Langdons Blick haftete unverwandt auf dem Toten. Er wirkte vollkommen abwesend, vollkommen konzentriert. »Wie viel wissen Sie bereits?«
»Nur das Wenige, das ich auf Ihrer Webseite lesen konnte. Das Wort Illuminati bedeutet>die Erleuchtetem. Es ist der Name irgendeiner alten Bruderschaft.«
Langdon nickte. »Haben Sie den Namen früher schon einmal gehört?«
»Nicht, bevor ich ihn auf Mr. Vetras Brust eingebrannt sah.«
»Haben Sie eine Websuche durchgeführt?«
»Ja.«
»Und der Begriff hat Hunderte von Treffern ergeben, wie ich annehme?«
»Tausende«, sagte Kohler. »Ihr Name war jedoch mit Referenzen auf Harvard, Oxford, einen angesehenen Verleger und einer Liste weiterführender Publikationen verbunden. Als Wissenschaftler habe ich die Erfahrung gemacht, dass Informationen lediglich so viel wert sind wie ihre Quelle. Ihre Referenzen schienen authentisch.«
Langdons Blicke ruhten noch immer auf dem Toten.

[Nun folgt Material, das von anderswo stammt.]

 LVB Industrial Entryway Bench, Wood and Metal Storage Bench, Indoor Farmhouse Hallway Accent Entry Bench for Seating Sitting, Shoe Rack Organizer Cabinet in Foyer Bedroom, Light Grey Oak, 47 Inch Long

Kohler verstummte. Er wartete offensichtlich darauf, dass Langdon ein wenig Licht auf die Szene vor ihm werfen würde.
Schließlich schaute Langdon auf, und sein Blick wanderte durch die tiefgekühlte Wohnung. »Vielleicht sollten wir an einem wärmeren Ort darüber diskutieren.«
»Dieser Raum ist so gut wie jeder andere.« Kohler schien die Kälte nicht zu spüren. »Wir reden hier.«
Langdon runzelte die Stirn. Die Geschichte der Illuminati war alles andere als schnell erzählt. Ich friere mich zu Tode bei dem Versuch, es zu erklären. Er starrte einmal mehr auf das Brandmal und spürte, wie erneut Ehrfurcht in ihm aufstieg.

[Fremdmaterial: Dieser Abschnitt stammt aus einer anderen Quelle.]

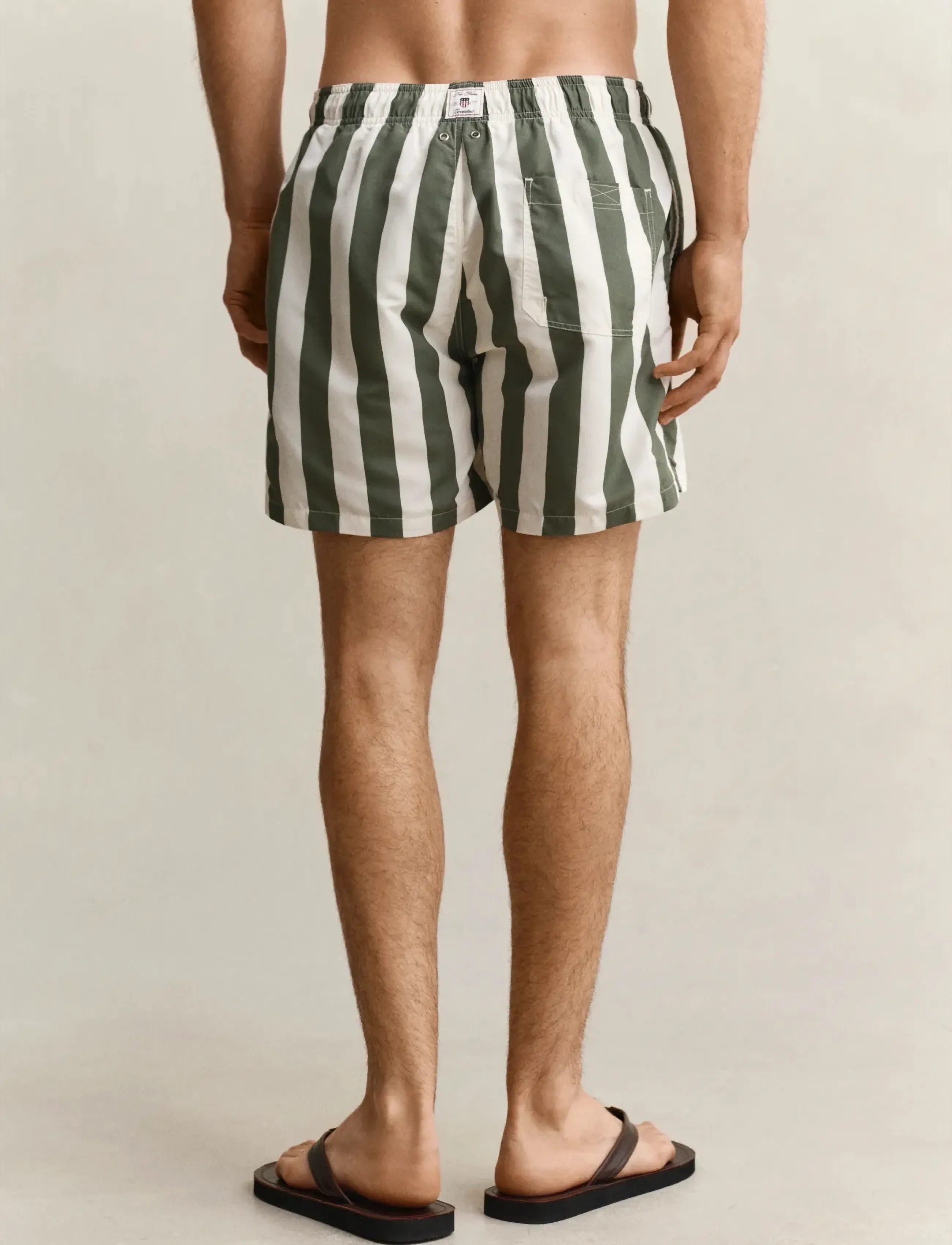 Gant - BLOCK STRIPED SWIM SHORTS - badeshorts - dry herb green - 2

Obwohl in der modernen Symbolologie zahllose Berichte über das Wappen der Illuminati existierten, hatte noch kein Forscher es tatsächlich zu Gesicht bekommen. Einige Dokumente beschrieben das Symbol als ein »Ambigramm« -ambi bedeutete allseitig und hieß, dass man es in beide Richtungen lesen konnte. Ambigramme waren in der Symbolologie weit verbreitet, Swastikas, Yin Yang, jüdische Sterne, symmetrische Kreuze - die Vorstellung allerdings, dass ein Wort in einem Ambigramm dargestellt werden konnte, erschien völlig absurd. Moderne Symbolologen hatten jahrelang versucht, das Wort »Illuminati« als Ambigramm darzustellen und waren kläglich gescheitert. Die meisten Akademiker waren zu dem Schluss gelangt, dass die Existenz des Symbols nur ein Mythos war.
»Wer sind nun diese Illuminati?«, wollte Kohler wissen.
Ja, dachte Langdon. Wer sind sie? Er begann seine Geschichte zu erzählen.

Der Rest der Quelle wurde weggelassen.